Sue lost her first race. But another spot opened up due to a resignation. She applied. The board unanimously appointed her to fill the vacancy. This year, she ran in a special election to complete her term. She won with 72 percent of the vote.

Over the past year, she served on the school board’s policy committee. “I love detail,” she said. “Details, details, details!”

She identified one such detail in the school’s dress code: a prohibition on hooded sweatshirts, which was rooted in a racist stereotype that linked young hoodie-wearing Black men to criminal activity. In the policy committee, she moved for the ban to be eliminated; the board voted to get rid of it.

Eric Miller, the chair of the Burnsville school board, said Sue has become a “strong voice,” often advocating for teachers and underserved students.

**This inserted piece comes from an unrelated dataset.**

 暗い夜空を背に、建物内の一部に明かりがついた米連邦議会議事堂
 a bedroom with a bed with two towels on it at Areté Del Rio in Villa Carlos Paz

“She sees her role as a leader of the community she comes from, but also as a leader of the entire Burnsville community,” he said.

Sue plans to use her career counseling background to help the district attract and retain more teachers of color. The issue is personal for her family: Qorsho Hassan, the first Somali American to be named Minnesota’s Teacher of the Year, taught her daughter’s fourth-grade class at Gideon Pond Elementary School. Then the district laid her off during budget cuts.

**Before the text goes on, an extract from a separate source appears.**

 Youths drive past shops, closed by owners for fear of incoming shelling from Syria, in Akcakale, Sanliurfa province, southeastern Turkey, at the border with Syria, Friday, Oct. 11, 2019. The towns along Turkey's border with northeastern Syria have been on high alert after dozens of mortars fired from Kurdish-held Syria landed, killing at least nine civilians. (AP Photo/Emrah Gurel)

“I remember my daughter feeling devastated that she was not able to continue to see Miss Qorsho,” she said. “Qorsho gave her a different type of connection than she’s ever had with any other teachers.” Her daughter could see herself in Qorsho, and bring conversations from home to school because her teacher understood.

Still, Qorsho left a legacy of influence among the teachers at Gideon Pond, Sue said. Her kids sometimes learn Somali songs in music class, or watch a Somali dance group perform in school.
Sue hopes that Somali students in Burnsville can see themselves in her, too. If she had been able to see someone who looked like her on the school board growing up in Burnsville, Sue said, it would have helped her develop self-confidence.

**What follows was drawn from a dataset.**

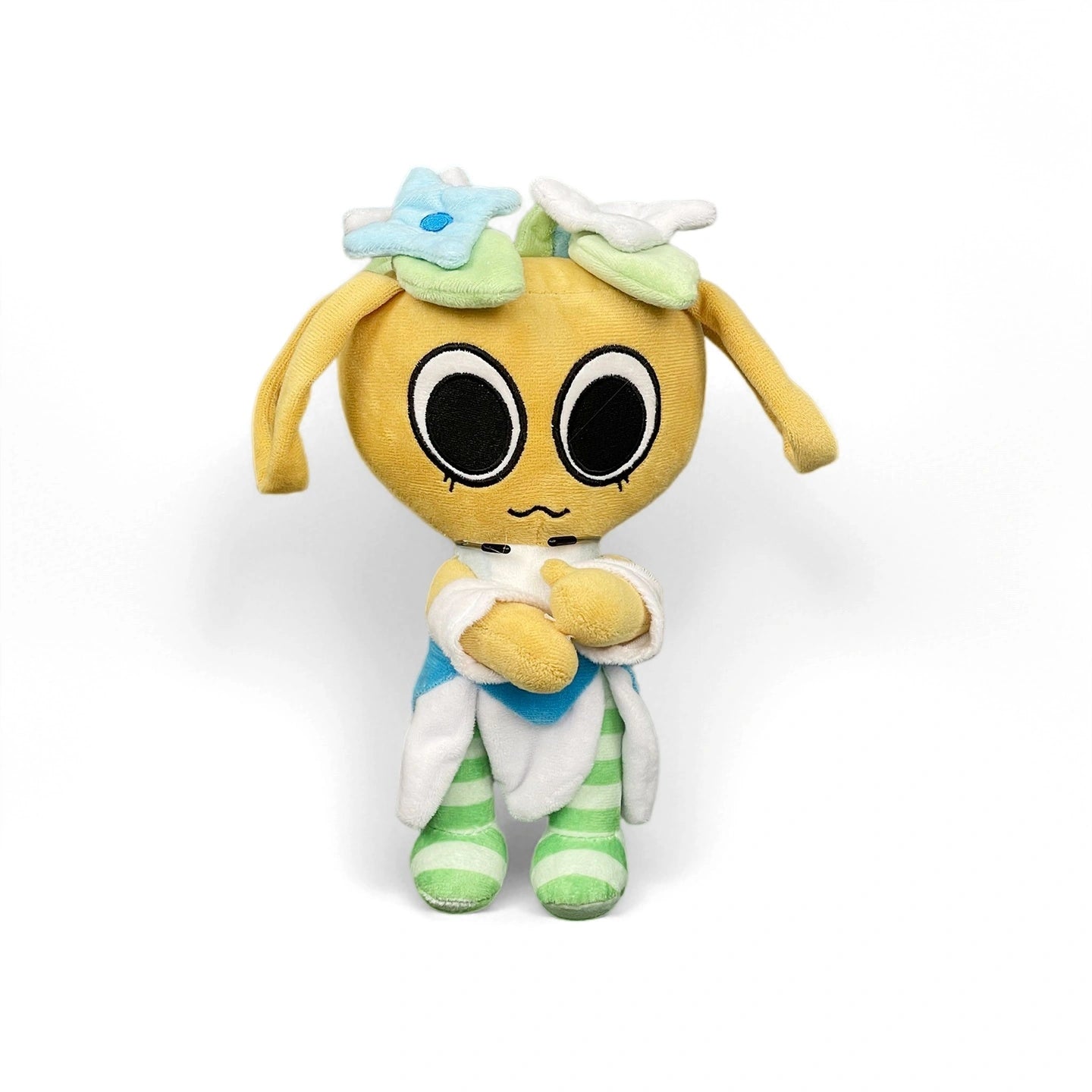From the Dandy's World Plush Collection, this soft collectible features large black eyes, flower hair accessories, green striped legs, and a white outfit with blue bib—perfect for any Dandy's World fan. Sold individually.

“When we take up space in places that we never thought we could be in, it really changes the trajectory of all of it, and our youth become successful,” she said.

‘If you give to the community, they will give back to you’

Abdihakim Arabow Ibrahim will be the first Somali American school-board member in St. Louis Park.

“We need true representation that reflects all of us,” he said. “I believe I can help the schools to be more inclusive.”

A 36-year-old electrical engineer and father of four, Abdihakim immigrated to the United States in 2014 to join his wife, an American citizen. He promptly became deeply involved in the community as an activist: joining the St. Louis Park Police Advisory Commission, encouraging votes for a school funding referendum, and urging people to take the census.

Abdihakim, who earned his electrical engineering degree in Pakistan and speaks five languages—English, Somali, Arabic, Hindi, and Urdu—hopes to improve services for the district’s multilingual learners.

Right now, he said, interventions for students with delayed speech are not available to those who speak another language at home. (Sahan Journal reached out to St. Louis Park Public Schools for insights into this question.) He also believes pulling students out of their regular classes for English language instruction puts them behind in their other classes.

Parents should get prompt notification about those services, too, Abdihakim says. He thinks the district can do more to communicate with parents who struggle with technology, and utilize cultural liaisons more frequently—not just when there is a problem.

He also wants to address discipline disparities. In 2018, the St. Louis Park school district agreed to a settlement with the Minnesota Department of Human Rights to reduce racial disparities in suspensions and expulsions, one of 42 districts and charter schools in the state to do so.

Nadia Mohamed, who was elected in 2019 as St. Louis Park’s first Somali American city council member, wasn’t surprised that Abdihakim won. “If you give to the community, they will give back to you,” she said.